絶賛発売中の『読んでほしい』は、放送作家おぎすシグレ氏のデビュー小説。Twitterなどで、「面白い!」「笑えるなあと思ってたら、不覚にも感動した」となど絶賛!
せっかく書いた小説を誰にも読んでもらなえい中年男が、悪戦苦闘を始める――という物語なのだが、読み始めると止まらないのである。

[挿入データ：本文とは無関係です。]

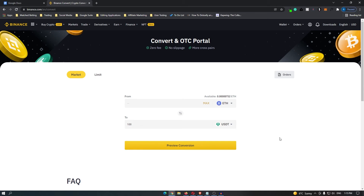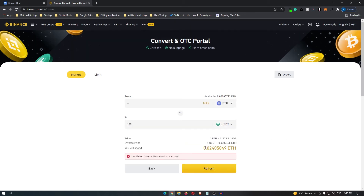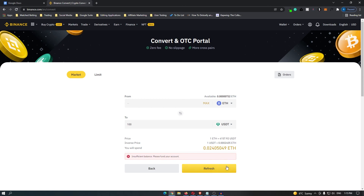If you go for USDT and click Preview Conversion, it's going to tell you how much Ethereum you will be spending to get that much USDT. Once you are happy with that, click the Confirm button and your Ethereum will be converted into USDT.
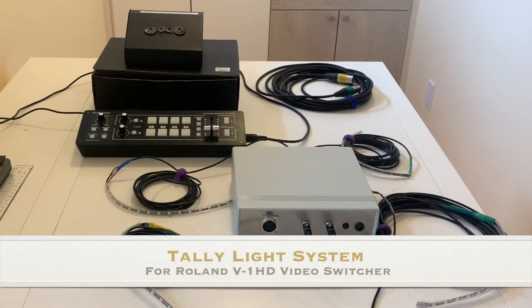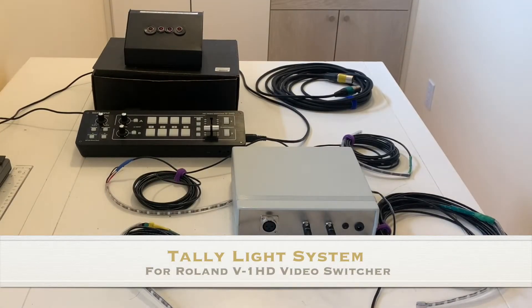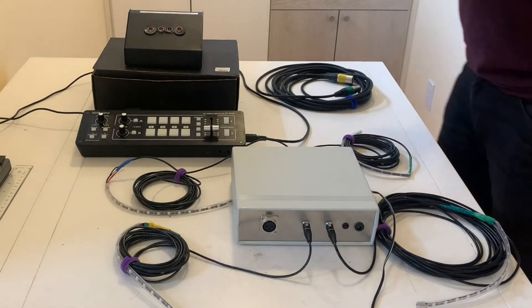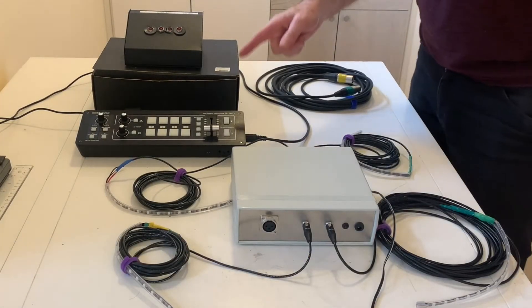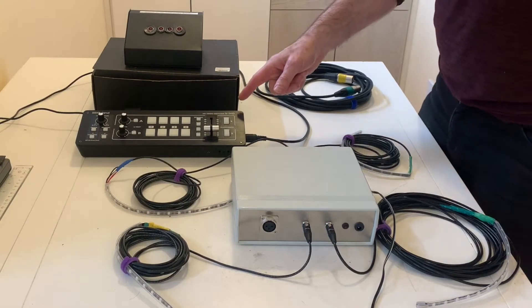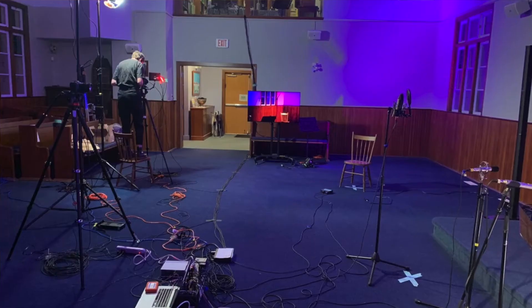Hey YouTube, what's happening? This is a demo of a tally light system for the Roland V1 HD switcher.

諦めていたが、ついに!読んでもらえるその時が…!?!?
* * *
右往左往しながら、読んでくれる人を探していた。私にとって長い戦いだった。しかしその戦いも、もうすぐ終わる。釣れる時というのは意外とあっさり釣れるものだ。ここからは、どんな作品かを聞かれ、説明をして、「読んでもらってもいいか」と一押しする。
むしろ向こうから読みたいと言われれば、なおよい。
さぁ、小松君、次は君の番だ。
「どんな小説なんですか?」
「実は、SF小説なんだ」
よし、巻き上げるぞ。ゆっくりとじわじわと、かけた針が外れぬように、ゆっくりと巻き上げるのだ。
「どれぐらいの期間がかかったのですか?」
「半年間ぐらいかな」
「半年で書くなんて凄いです! さすが緒方さんですね」
「そう言ってもらえると嬉しいよ」
いい流れだ。そろそろ読んでくれるかと聞いてみようか。否、できれば私からではなく、小松君の方から「読みたいです」と、言ってもらいたい。もう少し待てば必ず出てくる。我慢しろ。もう水面まで魚は上がっている。丁寧に、丁寧に釣り上げるのだ。
「緒方さんは書くことが好きなんですね」
「……まぁね」
私はコーヒーカップを手に持ち、ゆっくりとコーヒーを口に含んだ。まもなく魚が釣れる。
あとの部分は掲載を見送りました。